Birlik olmalıyız! Hiç zaman kaybetmeden Bağımsız Türk Devletleri Birliği kurmalıyız. Bu birliğin başında kim ister dursun! İster Özbekistan, ister Türkmenistan, ister Kazakistan dursun! Önemlıi olan bu birliğin bir gerçeğe dönüşmesidir!
Yukarıda “neden birlik olmalıyız?” gibi bir soru sormuştuk. Gerçekten, neden birlik olmalıyız? Bizi buna zorlayan birileri mi, yahut da nedenler mi var? Var!

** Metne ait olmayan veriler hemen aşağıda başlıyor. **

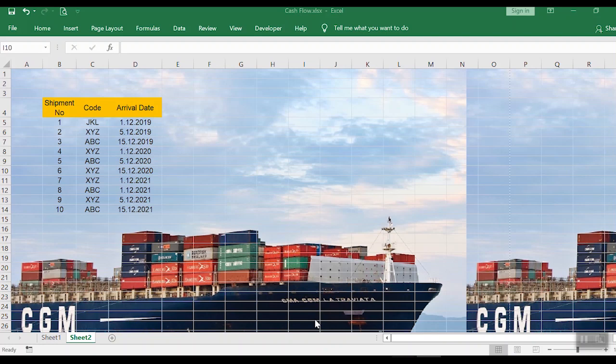In the last video we learned how to add background images in Excel. We added a sample image to our Excel file and the results were quite awesome as you can see, but there's a limitation with this technique.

Ama sadece birileri değil, Doğudan Batıya, Batıdan Doğuya tüm Türk milletinin önde gelenleri, aklı yerinde olanlarıdır bizi buna zorlayan! Evet, o insanlar ki, birlik olamayacağımız taktirde birilerinin elinin altında ezileceğimizi iyice anlamışlardır.

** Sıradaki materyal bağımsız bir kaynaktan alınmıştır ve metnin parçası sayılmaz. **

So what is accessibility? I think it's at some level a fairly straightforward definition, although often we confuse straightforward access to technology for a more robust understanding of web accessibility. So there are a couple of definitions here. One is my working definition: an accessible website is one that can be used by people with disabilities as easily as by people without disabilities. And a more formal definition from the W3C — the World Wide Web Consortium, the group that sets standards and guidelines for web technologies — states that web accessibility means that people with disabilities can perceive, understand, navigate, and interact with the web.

Birlik olmalıyız! Çünkü birlik olmazsak Çin`in zulmünden kurtulamayacağız! Evet, birlik olmalıyız! Çünkü birlik olmazsak Rusya hȃlȃ bizi ezmeğe devam edecektir! Bağımsız Türk Devletleri Birliğini kurmalıyız! Çünkü kuramazsak, Avrupa, Amerika üzerimize gelmekte devam edecek, toprağımıza, yerüstü, yeraltı zenginliklerimize sahip çıkacaktır! İran bize “müslüman kardeş” diyerek düşmanımız Ermenistan`a kucak açmaya devam edecektir birlik olmazsak! Birlik, Türk Milletinin tek kurtuluş yoludur! Öyle bir birlik ki, şimdilik onun içine alınacak yedi Türk Devleti – Azerbaycan, Kazakistan, Kırgızistan, Kuzey Kıbrıs, Özbekistan, Türkiye ve Türkmenistan bağımsızlıklarını korumakla beraber güçleri üzerine güç kazanmış olsunlar! Böyle bir birlik hiç bir Türk Devleti`nin bağımsızlığını tehdit etmez, bilȃkis, onların bağımsızlığının daha da güçlenmesine neden olacaktır. Öyle bir birlik hepimize gereklidir! Bugün birliğimizi kurmaz, geç kalırsak, birileri üzerimize geldiği zaman birlik olmaya hiç vakit bile bulamayız. Nasıl ki, bağımsızlığını kazanmak üzere olan Azerbaycan`a bir ermeni sorunu yaşatıldı, nasıl ki, Özbekistan`da kardeş Ahıskalı`lara çile çektirildi, nasıl ki, Kırgızistan`da Özbek ve Kırgızlar`ın iç-içe yaşadığı Oş şehrinde yine de bu iki kardeş halk bir-birine düşürüldü, yine de birilieri birşeyler çıkarabilirler. Onun için de zaman kaybetmeden Bağımsız Türk Devletleri Birliği kurmaya kalkışalım! Hepimiz, çoluğumuz, çocuğumuz, kadınımız, erkeğimiz! Bu birlik hepimize gerekli, hepimiz içindir!